▶ _WHAT THE TASK REQUIRES_
Find the line containing "Ciemnoróżowa Bawełniana Sukienka" in the entries; transcribe it and all remaining lines through the end, exactly as they appear, but not the pictures.

==================================================

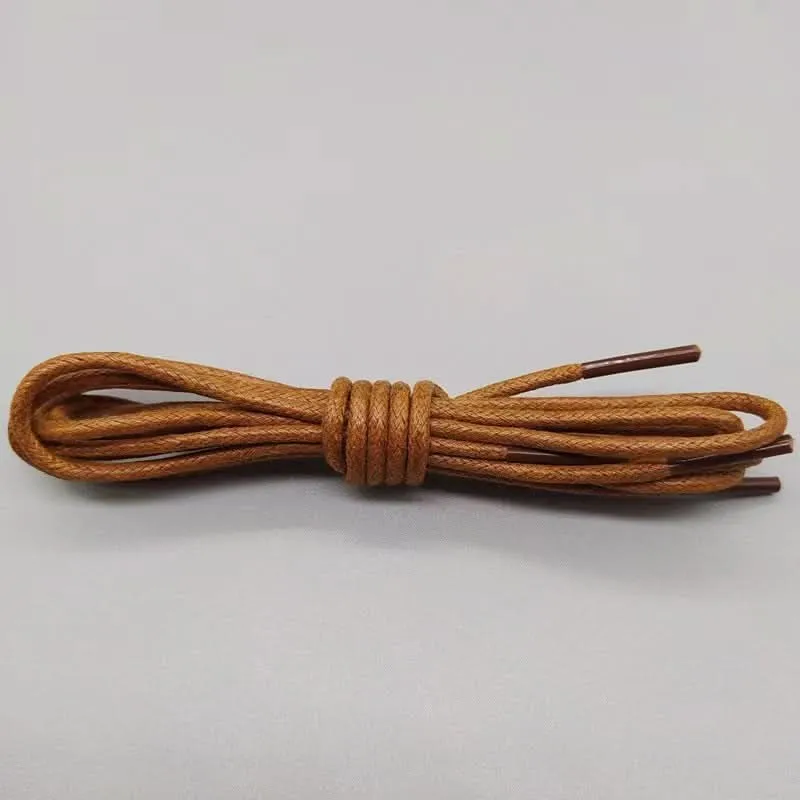 Waxed Leather Shoelaces – Unisex Round Thin Laces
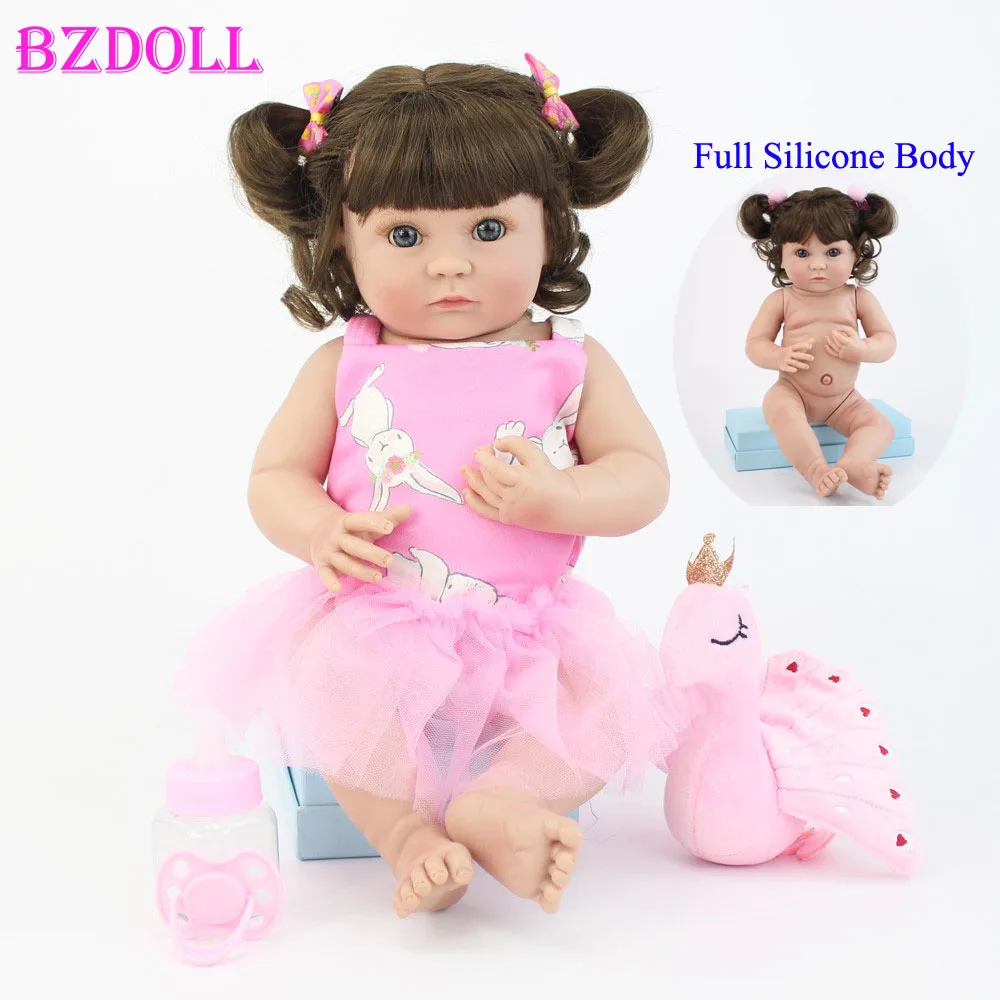 40 см всего тела мягкого силикона виниловые Reborn Baby Doll игрушки 15 дюймов мини платье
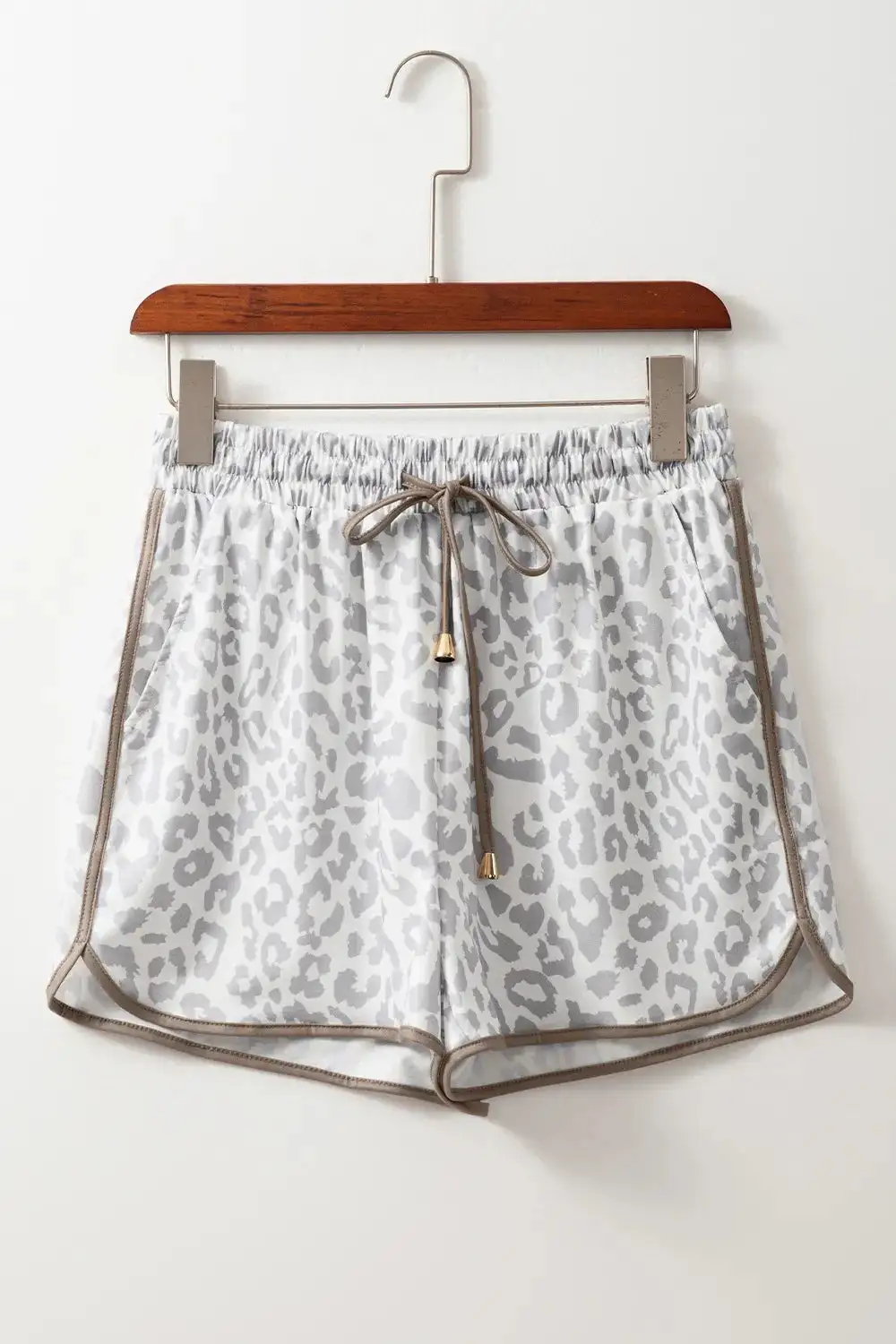 Leopard Print Drawstring Casual Shorts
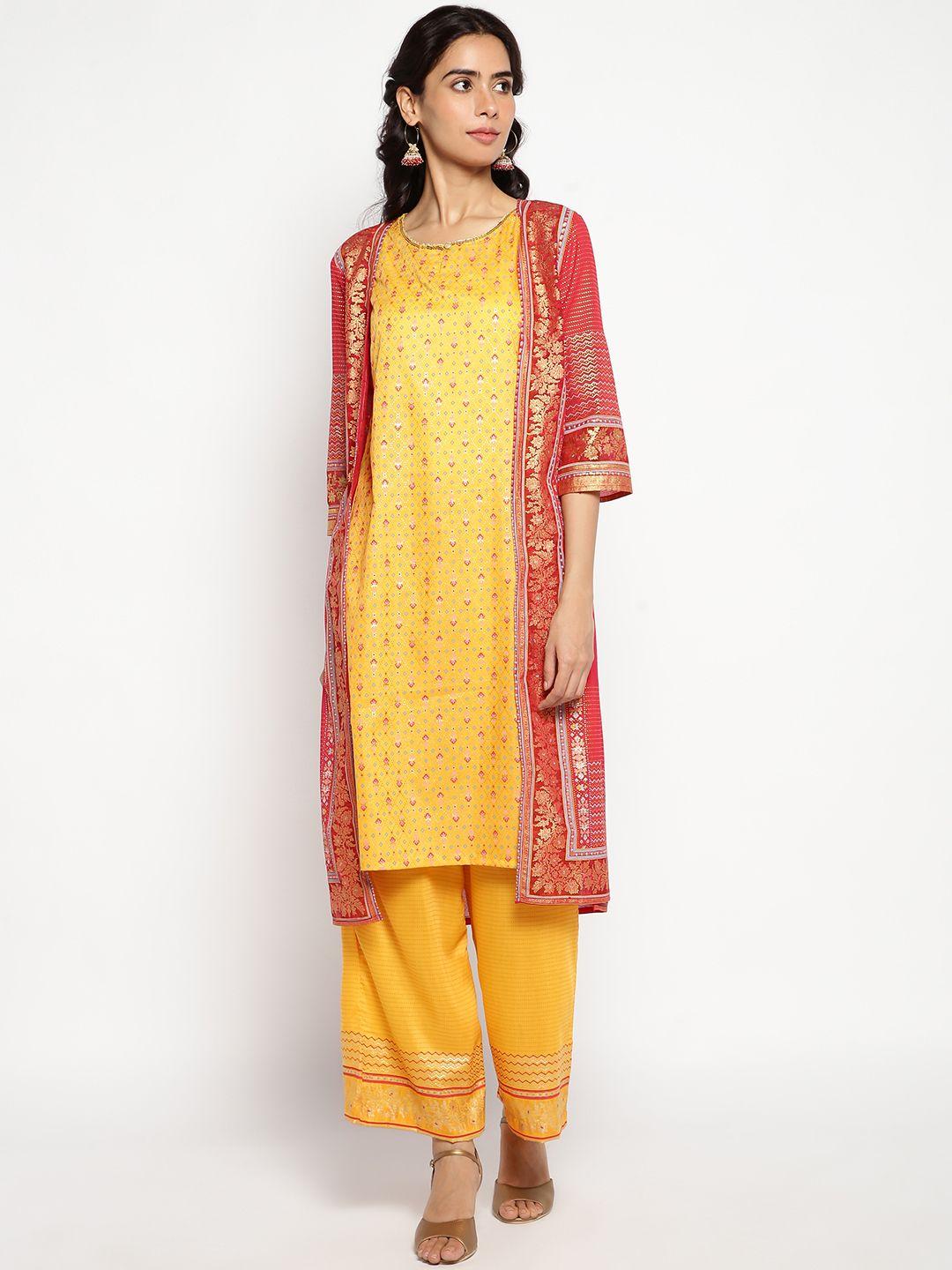 aurelia women yellow ethnic motifs printed kurta with palazzos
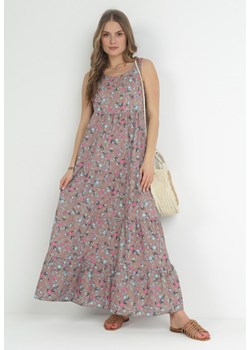 Ciemnoróżowa Bawełniana Sukienka w Kwiaty na Szerokich Ramiączkach Aruena ze sklepu Born2be Odzież w kategorii Sukienki - zdjęcie 153195518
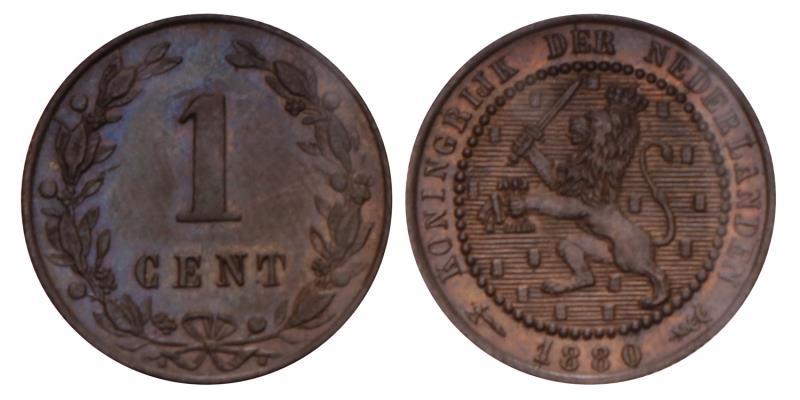 1 Cent Willem III 1880. FDC -.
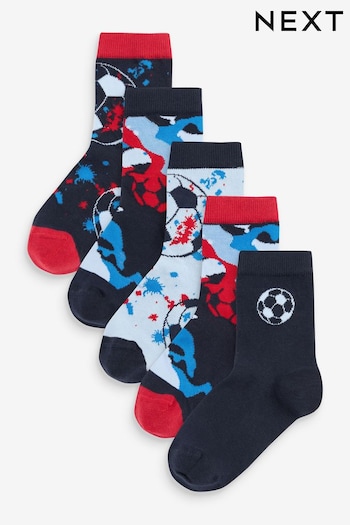 Blue/Red Football 5 Pack Cotton Rich Socks (C49664) | £8.50 - £10.50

==================================================

▶ _TASK SOLUTION_
 Ciemnoróżowa Bawełniana Sukienka w Kwiaty na Szerokich Ramiączkach Aruena ze sklepu Born2be Odzież w kategorii Sukienki - zdjęcie 153195518
 1 Cent Willem III 1880. FDC -.
 Blue/Red Football 5 Pack Cotton Rich Socks (C49664) | £8.50 - £10.50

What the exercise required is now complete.